*TASK DETAILS:* Beginning with the line that holds "Buy stock photo" and finishing with the line that holds "set of coloring", repeat the listing exactly, leaving every picture out.
BEGIN DATASET ENTRIES
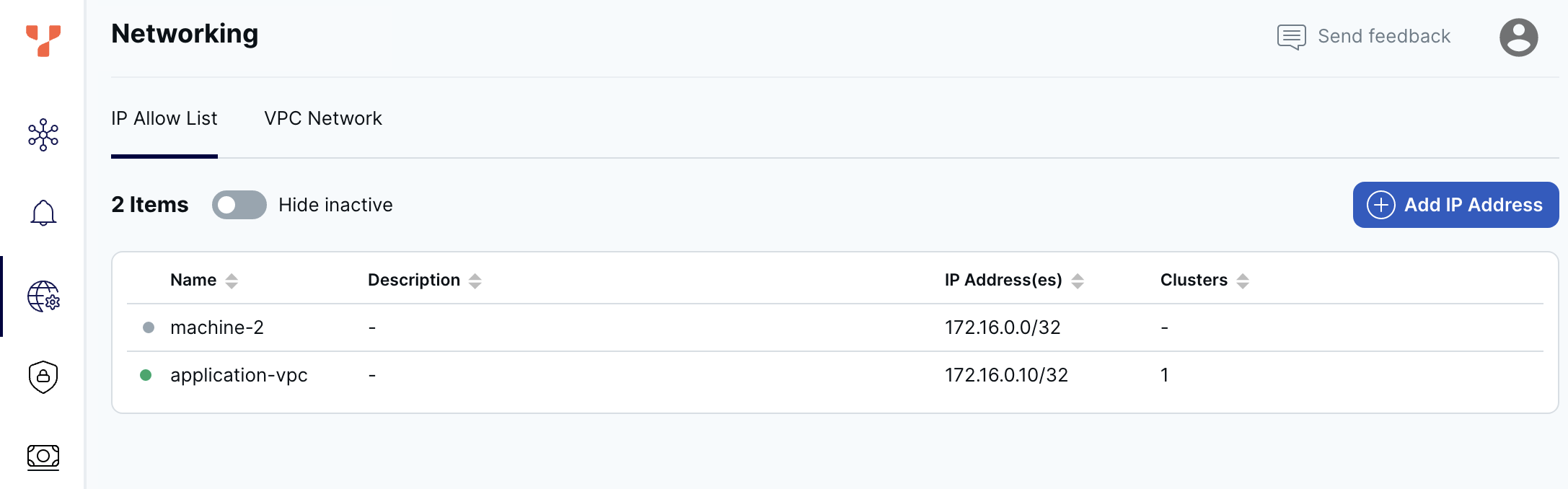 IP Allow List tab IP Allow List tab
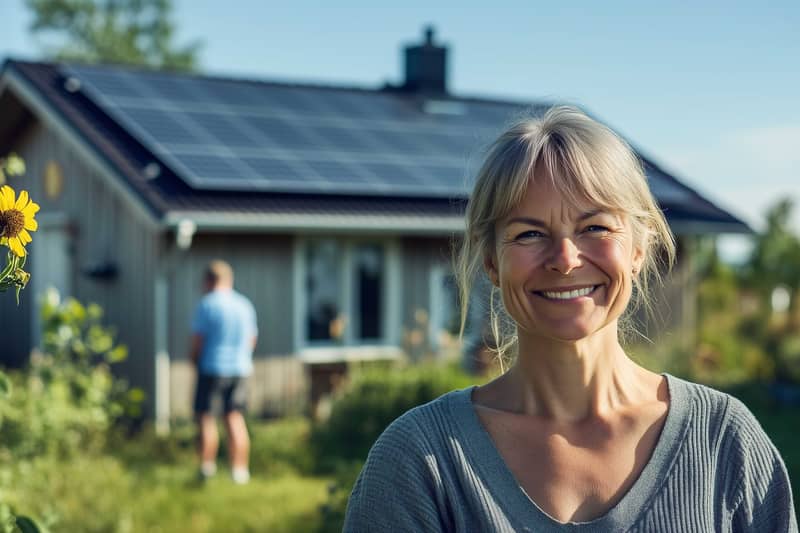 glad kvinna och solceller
END DATASET ENTRIES
BEGIN DATASET ENTRIES
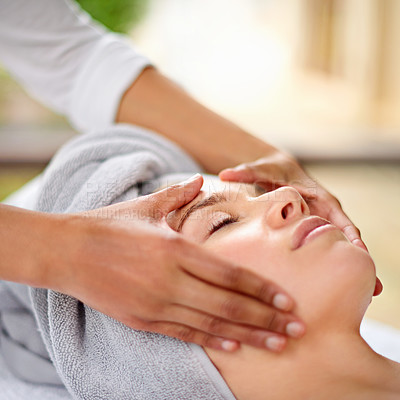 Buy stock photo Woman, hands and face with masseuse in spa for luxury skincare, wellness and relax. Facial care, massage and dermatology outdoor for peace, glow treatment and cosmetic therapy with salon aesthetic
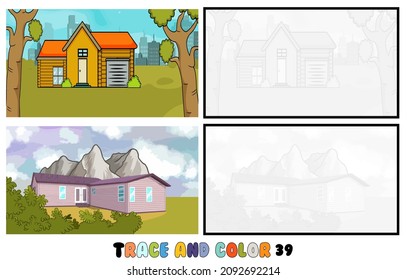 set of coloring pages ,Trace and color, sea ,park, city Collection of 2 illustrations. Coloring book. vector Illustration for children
END DATASET ENTRIES
*REPLY TO THE TASK:*
 Buy stock photo Woman, hands and face with masseuse in spa for luxury skincare, wellness and relax. Facial care, massage and dermatology outdoor for peace, glow treatment and cosmetic therapy with salon aesthetic
 set of coloring pages ,Trace and color, sea ,park, city Collection of 2 illustrations. Coloring book. vector Illustration for children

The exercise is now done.